土佐町に来て2年になった。 四季を2度経験して、だんだんと季節のうつりかわりの流れがようやくつかめだした感じがする。

蛙が鳴きはじめて、田植えの予感を肌で感じ、そのあとには蛍が光りはじめて、秋までつづく蝉の大合唱…そんなあたりまえの流れに安心感と心地よさを感じる。

春は、いつもの散歩コースもあちらこちらに目をやるところがいっぱいになっていそがしくも愉しい季節。この若杉友子さんの本を片手に野草のお勉強。 絵本「ばばばあちゃん」を実写化したような若杉友子さん。

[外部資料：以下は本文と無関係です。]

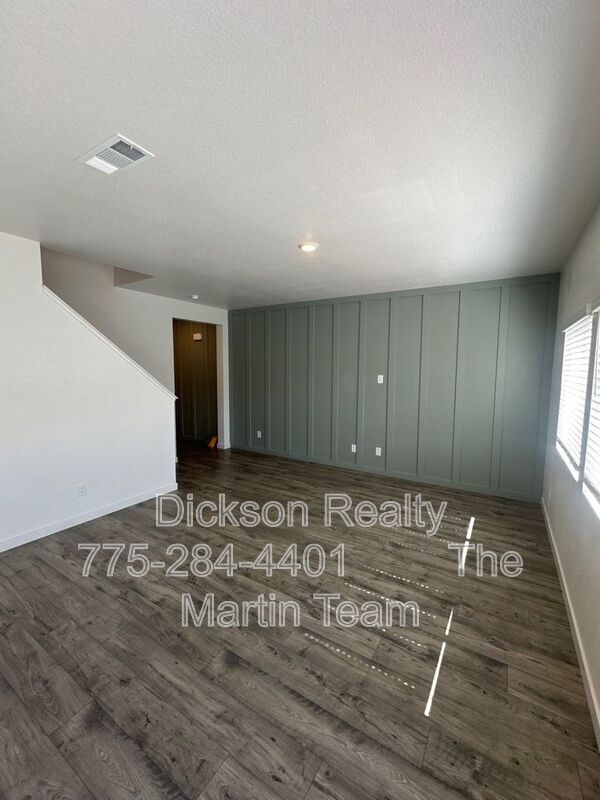 Building Photo - 420 Summer Triangle Dr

じつに頼もしい。

今年はカルシウムの宝庫であるつくしをうっかり食べ逃してしまった。 そのかわりに、薬効高きよもぎをバンバン取り入れようと企んでいる。よもぎをみたらむしりとらないと勿体なく感じるなんて自分の姿は、2年前は想像もつかなかった。。。

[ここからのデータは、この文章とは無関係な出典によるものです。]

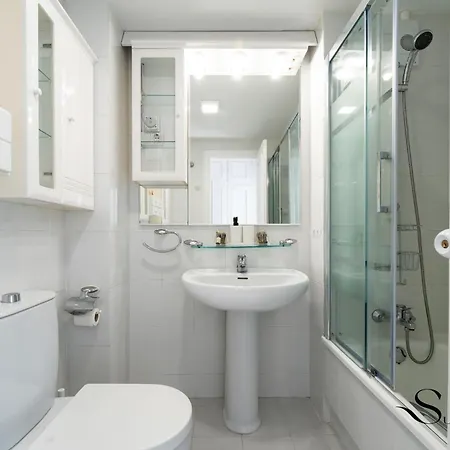 Seaview Retreat With Pool 2 公寓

【ヨモギ】 ビタミン・ミネラル・酵素は極めて豊富で、薬効成分もピカイチ。 血液を浄化し、生理機能を正常にする働きがあり、内蔵器官の機能を復活させ、新陳代謝を盛んにする優れた野草。 肩こりや利尿に効果があり、黄疸も治ったと言う人がいるくらいの効能がある。